Calico Jack was an infamous pirate active towards the end of the golden age of piracy, whose two most important claims to fame are the adoption of the Jolly Roger pirate’s flag, (whose black background with a skull and crossed sabers motif has served to represent pirates even to the present day) and the adoption of female crew members who become infamous pirates in their own right. It is known that he was English in origin, although further details of his pre-pirate life have escaped documentation.
Having served on the sloop of the captain Charles Vane, Calico Jack was promoted to captain of the pirate ship during a stand off involving a French man-o-war that the pirate crew wanted to capture. Vane refused to attempt engaging the large and heavily armed ship, but the overwhelming majority of pirates felt that the gains to be made merit the risk, and Vane was deposed in the resulting mutiny. By the year 1719, Calico Jack was at the head of his own small fleet that he quickly enlarged with daring exploits in which he would capture larger and more heavily armed ships through the use of strategy.
One of the most intriguing characteristics of Calico Jack’s pirate career was the allowance of women aboard his ships, although this took place in two separate situations: Anne Bonny eloped with the captain and joined the pirate crew, while Mary Read joined under the disguise of a man and was only later forced to divulge the secret of her gender to those onboard. Both of these women became famous and respected pirates in their time, tied to the successes of Calico Jack in the Caribbean waters.

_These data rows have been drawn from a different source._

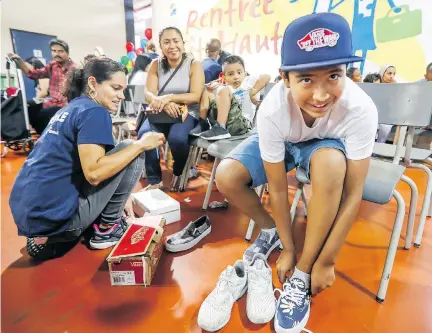  ?? JOHN MAHONEY ?? Carlos Del Valle tries on shoes Tuesday with his brother Rodrigo and mother Ann Lesly Altamirano and with help from volunteer Aura Perez, left, as Welcome Hall Mission gave out shoes and school supplies before the upcoming start of the school year.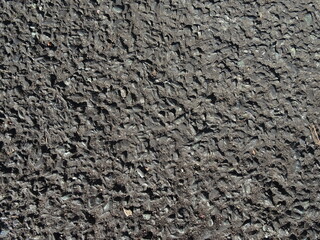 粗いアスファルトの質感をもつ背景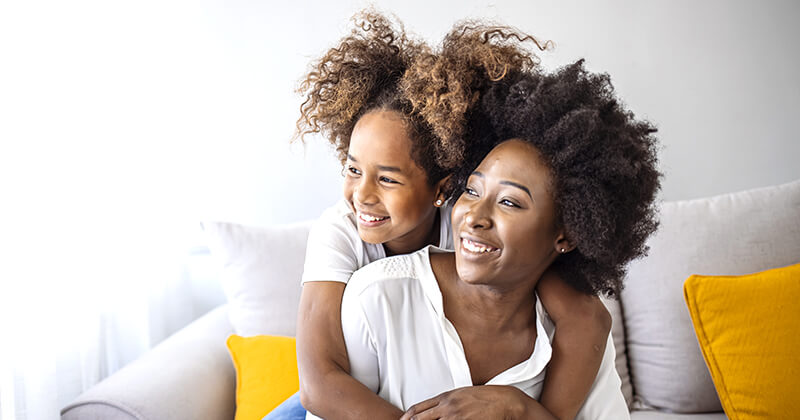 Mother and daughter smiling at home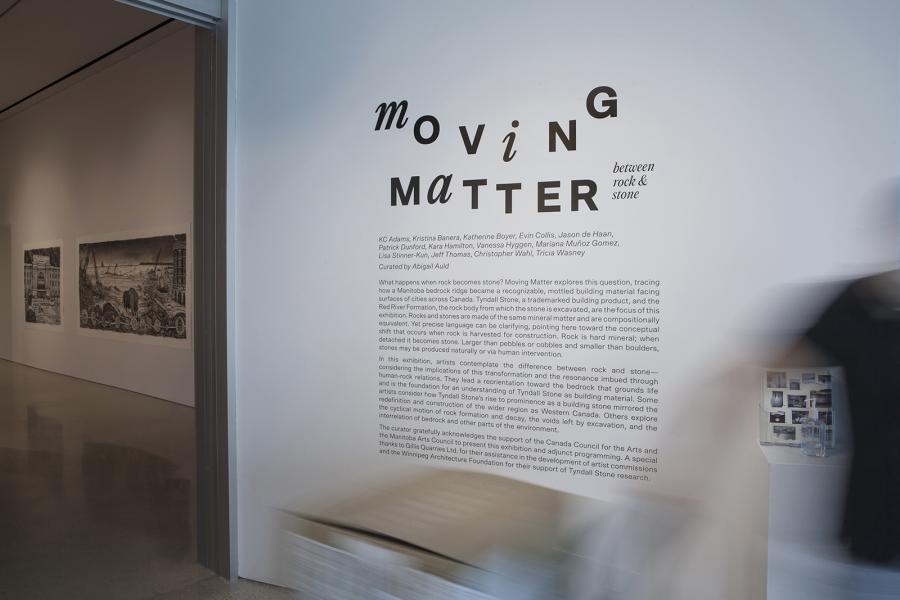 Exhibition title wall for Moving Matter, featuring bold typography and curatorial text, with a blurred figure passing by.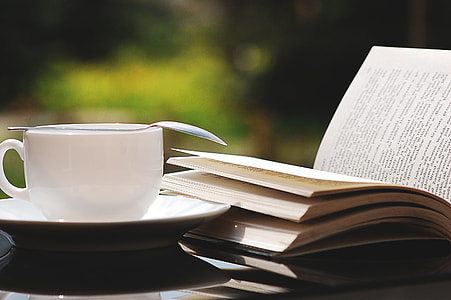 focus photography of white ceramic teacup next to book thumbnail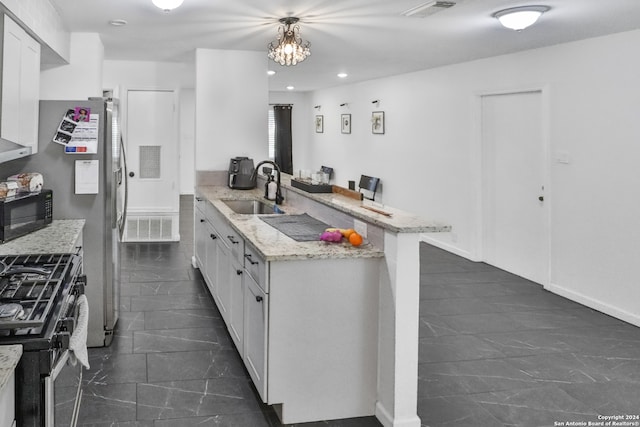 kitchen featuring kitchen peninsula, white cabinets, a kitchen breakfast bar, stainless steel appliances, and sink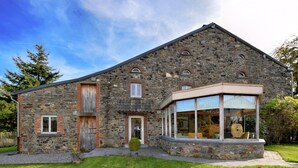 A stone building with a large glass window and a wooden door.
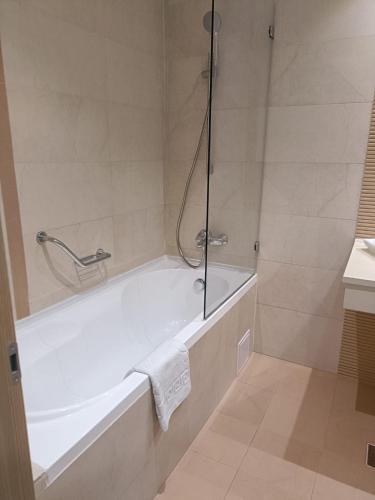 un baño con bañera y ducha en Miha DeLuxe Rooms, en Bucarest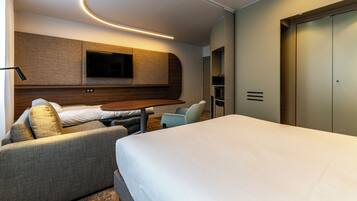A modern hotel room with a bed, a sofa, a small table, a TV mounted on the wall, and a wardrobe.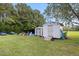 Backyard with two sheds and a blue classic car in a sunny outdoor setting at 2728 Old Milburnie Rd Rd, Raleigh, NC 27604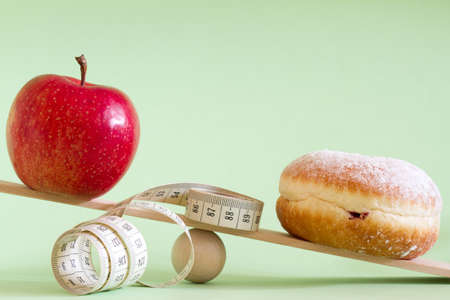Apple and donut with a tape measure on wooden seesaw, healthy lifestyle conceptの写真素材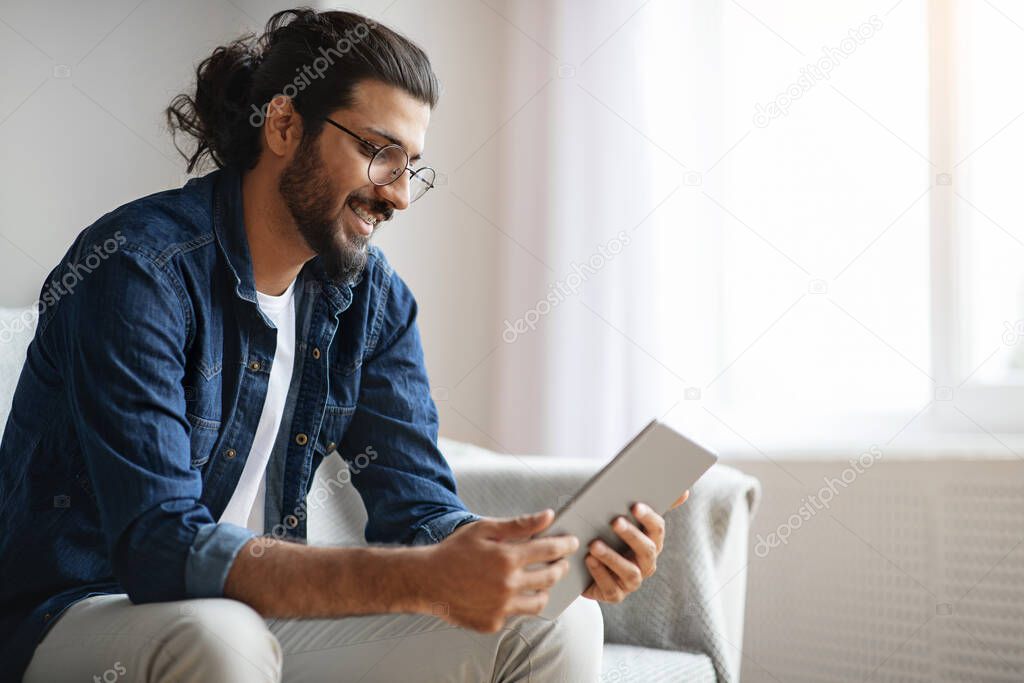 Millennial Western Guy Spending Time With Digital Tablet At Home, Reading News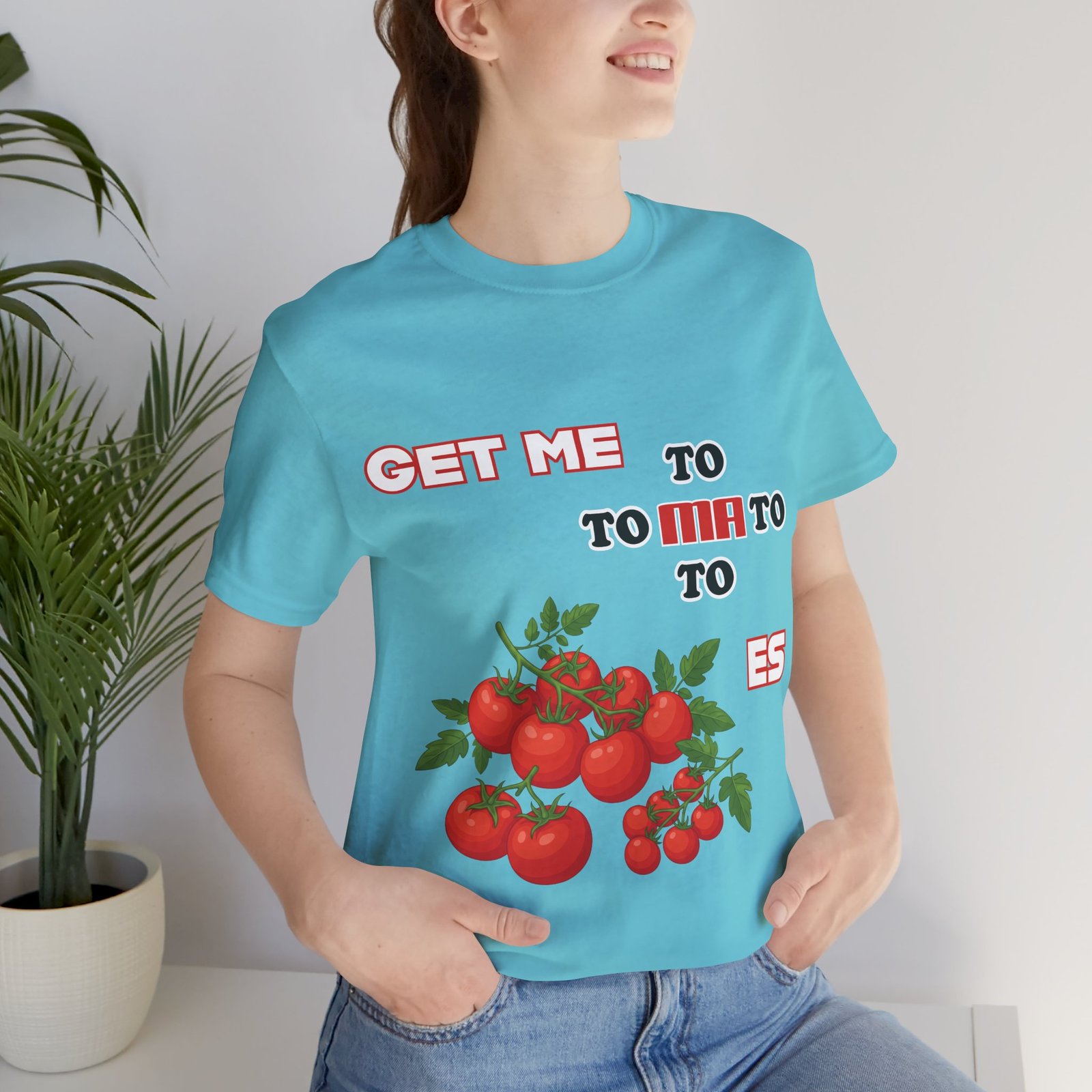 Woman wearing a blue Get Me To Ma To Toes vintage t-shirt with red tomato illustrations and retro typography.
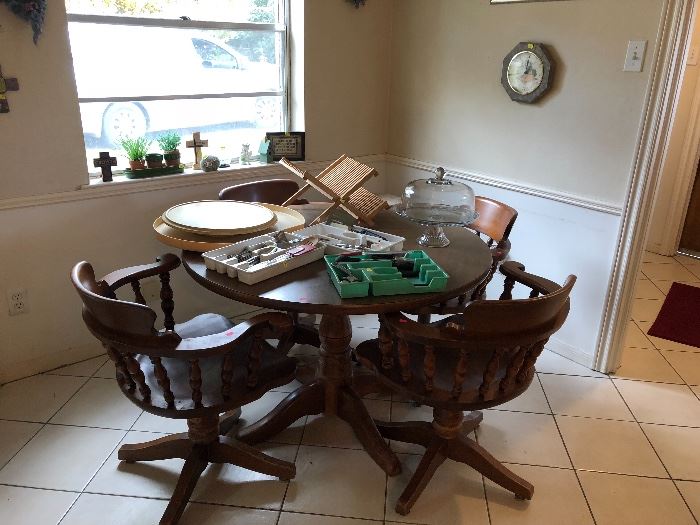 Solid wood table and 4 swivels chairs, cutlery sets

In 1720, the Governor of the Bahamas declared Calico Jack to be a top priority for pirate hunters in the area, and the pirate hunter Jonathan Barnet soon thereafter captured his crew. Barnet captured the crew in one fell swoop, while they were drunk, at anchor in Bry Harbour Bay, Jamaica. In the following month, Calico Jack was sentenced to hang along with the rest of his crew, save the two women who pleaded for a stay of execution on account of their pregnancies. By 1721, the crew had been legally executed and Calico Jack’s career of piracy was put to its end.